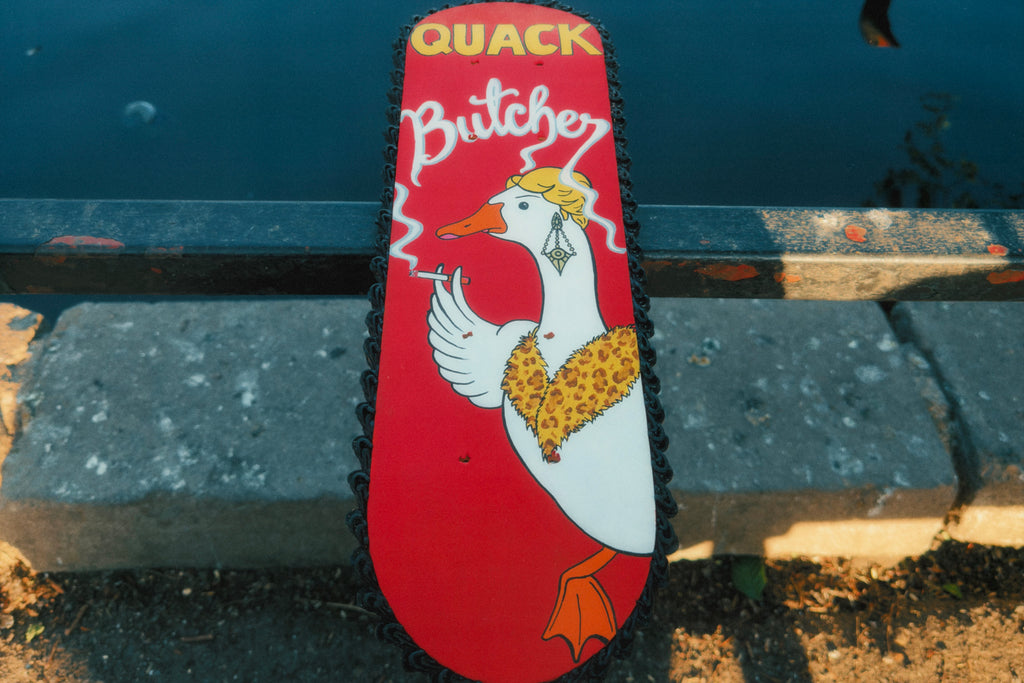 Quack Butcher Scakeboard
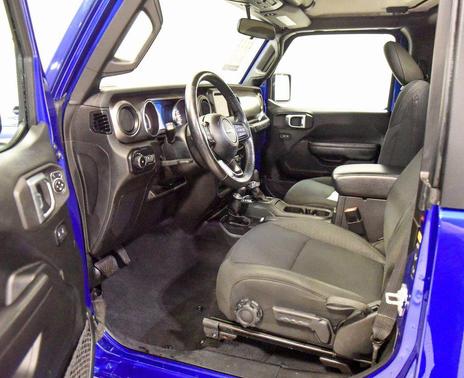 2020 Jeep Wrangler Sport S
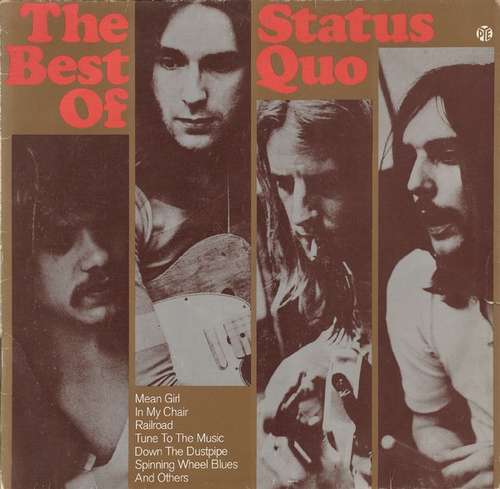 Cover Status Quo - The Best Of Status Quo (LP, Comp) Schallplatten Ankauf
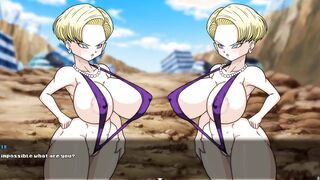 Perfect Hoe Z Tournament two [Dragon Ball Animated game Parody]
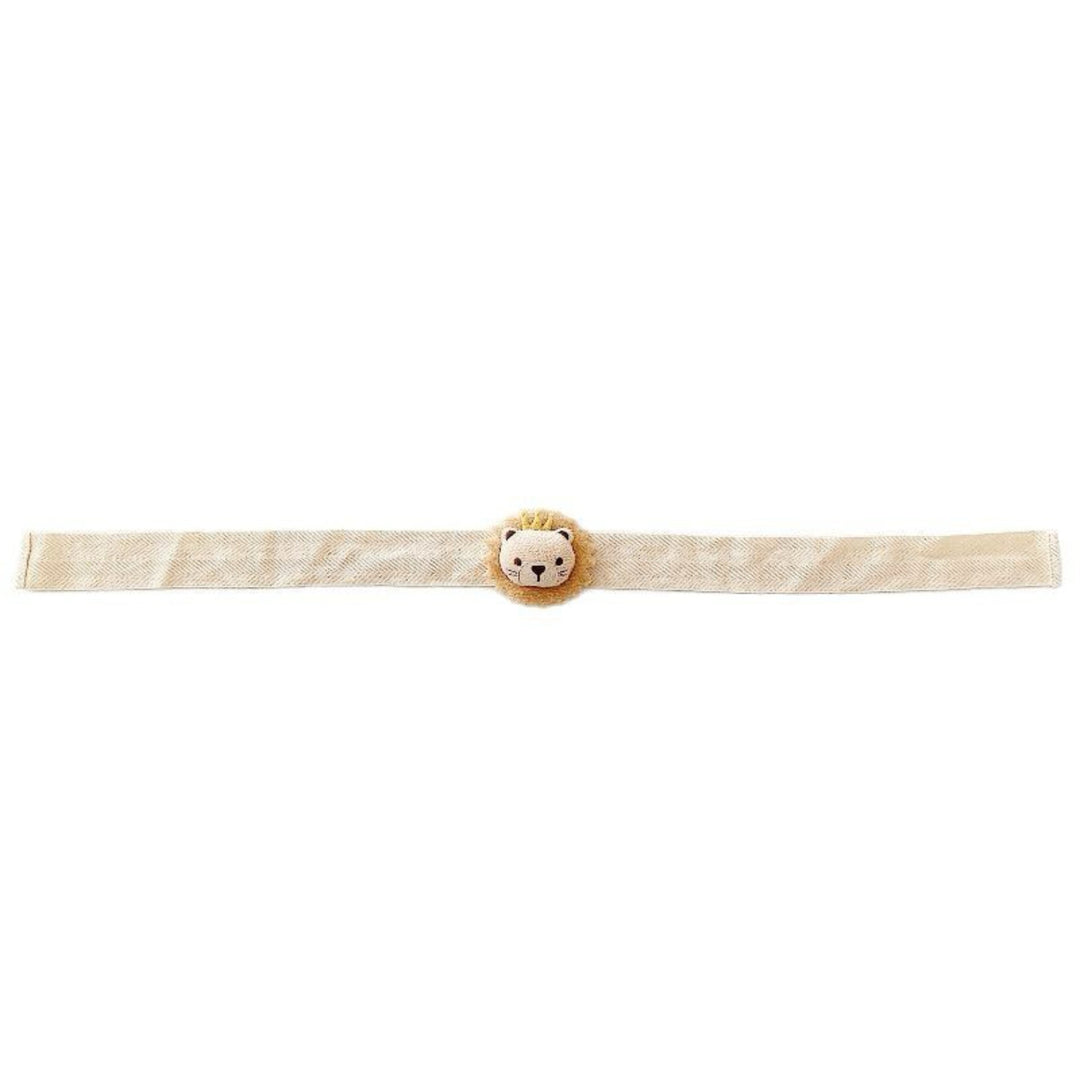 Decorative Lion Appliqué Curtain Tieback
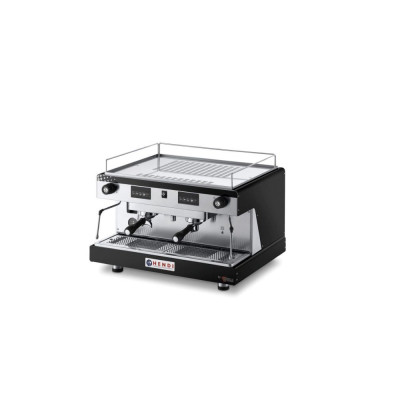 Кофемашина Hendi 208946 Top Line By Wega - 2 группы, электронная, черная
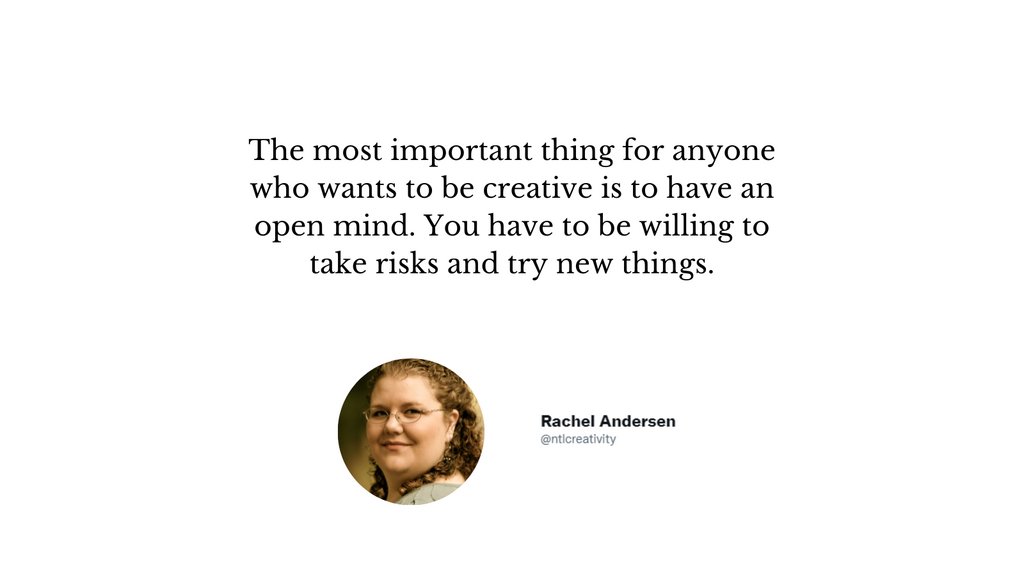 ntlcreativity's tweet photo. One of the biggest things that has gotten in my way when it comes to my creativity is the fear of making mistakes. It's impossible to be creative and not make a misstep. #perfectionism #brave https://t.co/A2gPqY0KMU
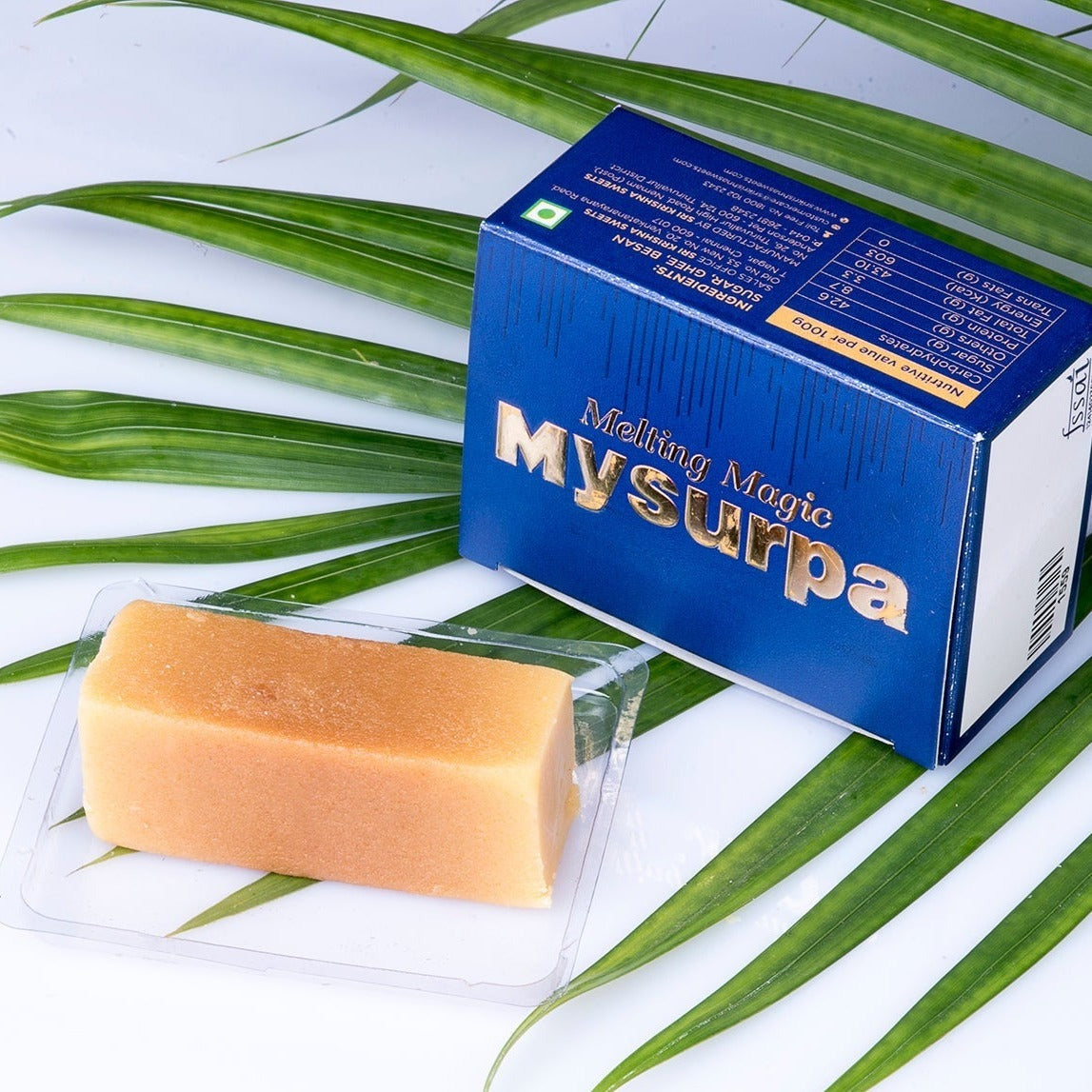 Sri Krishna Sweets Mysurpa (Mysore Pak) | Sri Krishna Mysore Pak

■ TASK INSTRUCTIONS
Copy out exactly the material that runs from the line with "Perfect Hoe Z" to the line with "Кофемашина Hendi 208946", ends included, and leave the pictures behind.

■ WRITTEN SOLUTION
 Perfect Hoe Z Tournament two [Dragon Ball Animated game Parody]
 Decorative Lion Appliqué Curtain Tieback
 Кофемашина Hendi 208946 Top Line By Wega - 2 группы, электронная, черная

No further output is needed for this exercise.